Jonah tore open the Nintendo he had been pleading for, which we had once caught him murmuring about in his dreams (“comes with Mario for 149”). He had never seen the thing before, but he was caught in a kind of trance as he instantly found the on button, pushed it, and began playing, as though simply resuming a game that had been interrupted in some past life. “Jonah, do you like it?” we asked him. He stared at the screen, mouth open. We watched, forgotten.

We sat, disappointed by the children’s reactions. Or maybe “disappointed” was not the word—we’d been cheated. We had hoped that our generosity would make our children turn to us with renewed love and faith in the world s goodness. Instead, they’d had the bad manners to either protest or ignore us. What was this? What had happened to the joy of Hanukkah?
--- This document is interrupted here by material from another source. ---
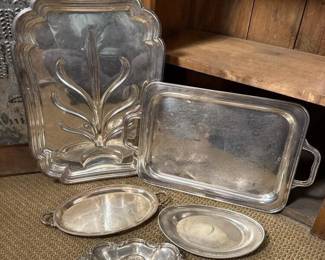 202 assortedsilverplatetraysanddish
The sight of Maia throwing Marisol across a room littered with shredded wrapping paper and other very expensive toys in various states of disassemblage and nonappreciation was shocking enough to lead us to a resolution: we were tired of celebrating Greedikah. The kids would have to learn the true meaning of Hanukkah, even if it killed us (or them). And so we threw ourselves into Hanukkah as a project. Each night, we had a different activity. We made latkes by hand, grating the potatoes, throwing them into the bubbling oil. We went to a friend’s big Hanukkah party—with 50 people, perhaps the largest Hanukkah party in the city.

We tried to tell them the story. “How would you feel,” we asked Jonah at breakfast the next morning, “if someone said you couldn’t play soccer?” He was wide-eyed; we could see that we were reaching him. We tried to think of his version of a holy book. “How would you feel if someone said you couldn’t read Captain Underpants?”

He nodded gravely. “I’d feel really bad if someone said I couldn’t have my Nintendo,”

Was this it? Was it close? “Well, yeah, that’s it. That’s sort of how the Maccabees felt, sort of.”

What was the Hanukkah story, exactly? We read the children’s versions we had bought for them. It had everything, frankly, that children would like. Unfair rules. Rebellion. Battles. Magical fire.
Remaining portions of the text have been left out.